在市场规制方面,“负面清单 + 正面清单”管理需进一步细化实施细则。负面清单应聚焦数据权属界定与垄断行为规制,明确农业生产数据归农户所有、加工流通数据由主体共享的权利边界,禁止平台企业通过技术壁垒独占数据或实施算法歧视;正面清单则需动态更新鼓励类技术目录,结合不同产业环节的数字化需求,对区块链溯源、AI病虫害识别等技术提供研发补贴、税收减免等政策倾斜。尤为重要的是,需建立跨行业的数字技术应用评估机制,对新技术的安全性、适用性进行前置审查,避免“为数字化而数字化”的盲目投入,确保市场规制既守住数据安全底线,又为创新留有试错空间。这种双向规制框架,本质上是通过政策刚性约束与柔性引导的结合,构建政府与市场良性互动的治理生态,为产业链各主体提供稳定的政策预期。
5.2. 主体培育:发挥龙头企业的关系嵌入枢纽作用
龙头企业的关系嵌入功能,在于通过其产业号召力与资源整合能力,将分散的中小主体纳入数字化协同网络,破解当前全产业链中利益联结松散、信任机制脆弱的困境。在“链主”企业培育上,需突破单纯的补贴激励,构建“能力培育–责任绑定–利益共享”的动态机制:一方面通过专项补贴、研发费用加计扣除等政策降低企业数字化转型成本,重点支持其在粮食、果蔬、畜禽等关键领域建设全产业链数字平台,集成生产管理、质量溯源、市场对接等功能;另一方面明确龙头企业的带动责任,要求其通过技术输出、标准共享、订单农业等方式,辐射带动至少500家中小主体进行数字化改造,形成“链主建平台、中小用平台”的共生模式。例如,龙头企业可将自身验证成熟的田间物联网部署方案、供应链管理系统以轻量化形式开放给中小农户,降低其技术采纳门槛,同时通过数据互通实现全产业链供需精准匹配,形成“大帮小、强带弱”的协同进化格局。
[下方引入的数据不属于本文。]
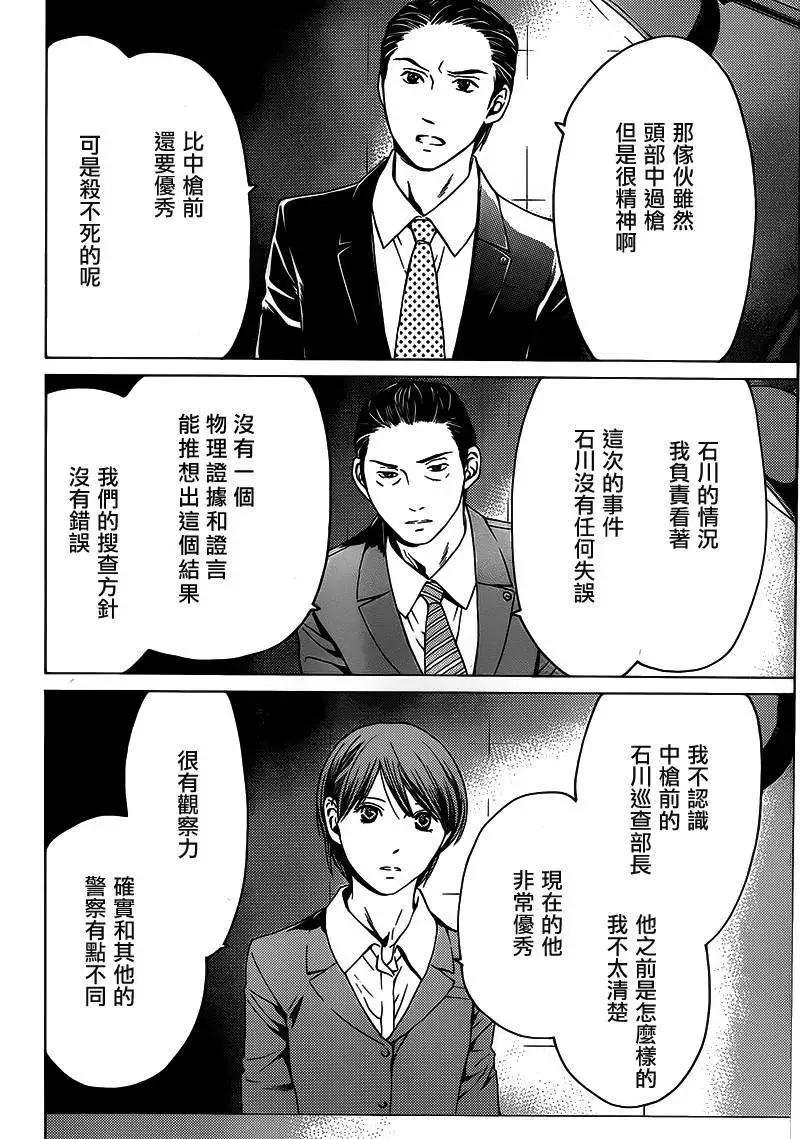 第11回37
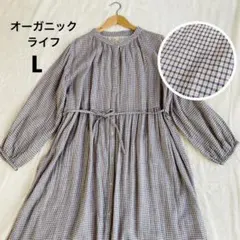 【オーガニックライフ】チェック　コットン　ワンピース　ガーゼ　バンドカラー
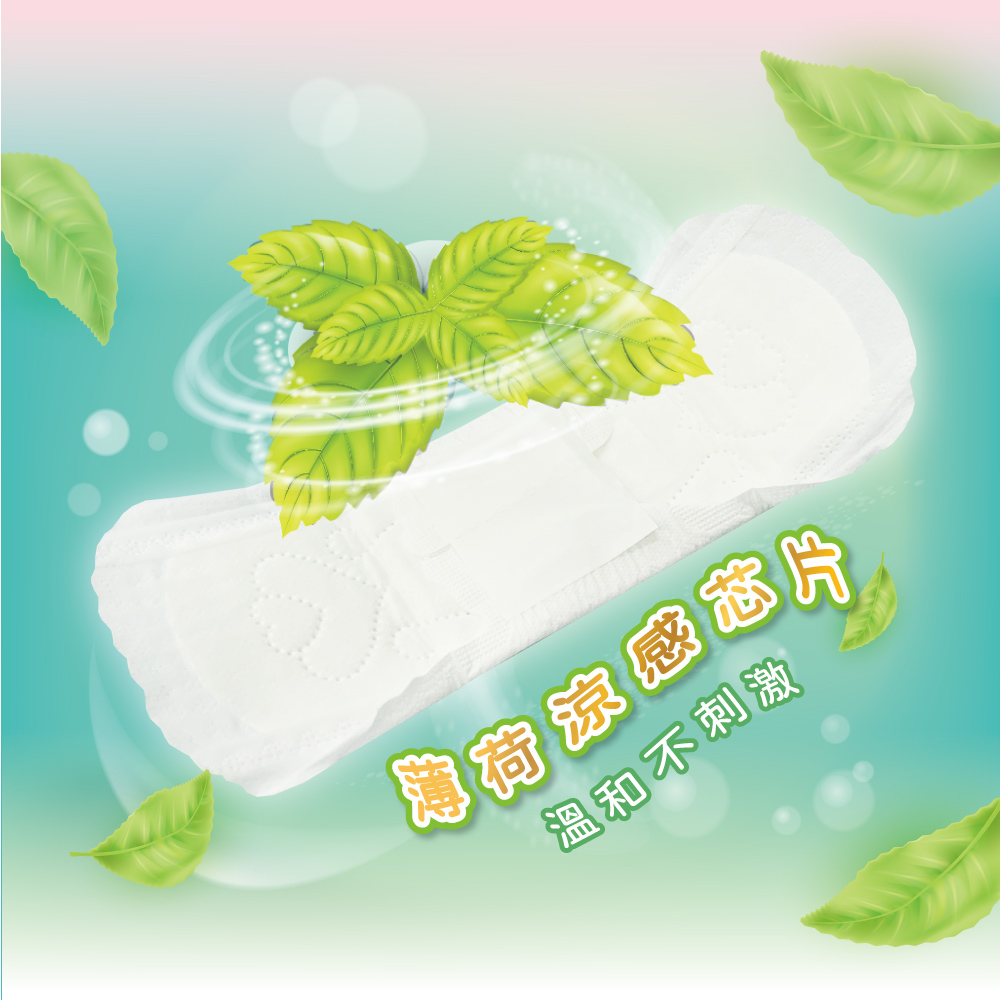 Ultra-thin cooling panty liner(24.5cm / 8 piece *6 pack), , large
农户组织化升级的关键,在于通过合作社等新型经营主体提升散户的数字化议价能力。“数字化能力分级”制度需与农村产权制度改革、金融支持政策深度融合:对数据采集完整率达标的A级合作社,优先给予银行贴息贷款、项目申报加分等支持,激励其建立内部数据共享机制,购置智能传感设备、部署生产管理系统;对基础较弱的C级合作社,则通过政府购买服务方式引入第三方技术服务商,提供入门级数字工具,逐步提升数据采集能力。同时,鼓励龙头企业与A级合作社建立股权联结或长期订单关系,将合作社的数字化水平纳入合作评估体系,形成“企业 + 合作社 + 农户”的利益闭环。这种以龙头企业为枢纽的关系嵌入,既能发挥市场机制的资源配置效率,又能通过制度化的利益绑定,将分散农户纳入产业链数字化进程,破解“小农户对接大数字”的天然困境。
5.3. 生态构建:促进认知嵌入的包容性创新
认知嵌入的本质是通过技术适配与知识扩散,重塑农业从业者对数字化的价值认同,化解当前普遍存在的“不敢用、不会用、不愿用”问题。在场景化应用创新中,“适农化”数字工具开发需深度聚焦农户的生产习惯与现实痛点:针对老年农户操作困难,研发语音控制、手势识别等低门槛交互技术,使智能灌溉系统、无人机植保设备的使用无需复杂培训;针对区域文化差异,开发方言版数据分析APP、民族语言操作界面,确保技术工具的本地化适配。“适农化”数字工具开发需汲取西南丘陵地区轻量化传感器的设计经验[25],这类创新并非简单的技术移植,而是通过田野调研精准捕捉农户需求,例如在西南丘陵地区,结合梯田种植特点设计轻量化传感器布设方案,在西北干旱区开发基于土壤墒情的智能节水系统,使技术应用真正融入农业生产流程,成为提升效率的“刚需”工具而非政绩工程。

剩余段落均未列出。